And this gospel of the kingdom shall be preached in all the world for a witness unto all nations; and then shall the end come. ~ Matthew 24:14
The Gospel of Jesus Christ is the divine impetus that drives missionary enterprise. Other motivations will ebb and flow, but a biblical, Spirit wrought understanding of the redemptive work of Christ is the most proven dynamic that propels and sustains missional endeavor.

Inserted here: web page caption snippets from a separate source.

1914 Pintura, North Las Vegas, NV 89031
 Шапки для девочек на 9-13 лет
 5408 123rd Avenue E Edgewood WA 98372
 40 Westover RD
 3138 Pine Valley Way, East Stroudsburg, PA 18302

Many have heard the story of the Moravian missionaries, John Leonard Dober and David Nitschman, who willingly submitted themselves to imprisonment to preach the gospel to African slaves that were held captive on the Caribbean islands of St. Thomas and St. Croix by a British slave owner who was an atheist. Christians who are acquainted with the historical narrative are normally either enamored by the men’s bravery, inspired by their personal sacrifice, or moved by their departing benediction, “May the Lamb receive the reward for His sufferings”, but the part of the account that is often overlooked is their intensive prayerful meditation on the atonement of Jesus Christ that precipitated their going.

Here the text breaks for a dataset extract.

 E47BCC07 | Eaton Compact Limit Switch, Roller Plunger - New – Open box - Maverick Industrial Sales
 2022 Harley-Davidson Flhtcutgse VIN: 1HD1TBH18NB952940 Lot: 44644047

What believers often fail to see is that what most constrained these pilgrims to “let goods and kindred go” was the infinite beauty and intrinsic worth of the sufferings of the Son of God.

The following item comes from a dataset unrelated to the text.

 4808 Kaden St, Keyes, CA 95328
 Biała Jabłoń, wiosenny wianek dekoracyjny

You see, it was not the need to reach the community of spiritually impoverished slaves that drove and sustained them, but the glorious sufferings of the dying Lamb. Their conclusion was if this infinitely worthy Savior laid down His life for sinners, then the souls of men were worth reaching.
Nothing fuels and preserves a believer’s passion for missionary initiative more than the propitiatory work of Christ. While a glimpse of Hell’s eternal torments may “jump start” an indifferent believer to the global cry of the spiritually lost, the redemptive beauties of Christ and Him crucified has far more impassioning grace to preserve missionary zeal.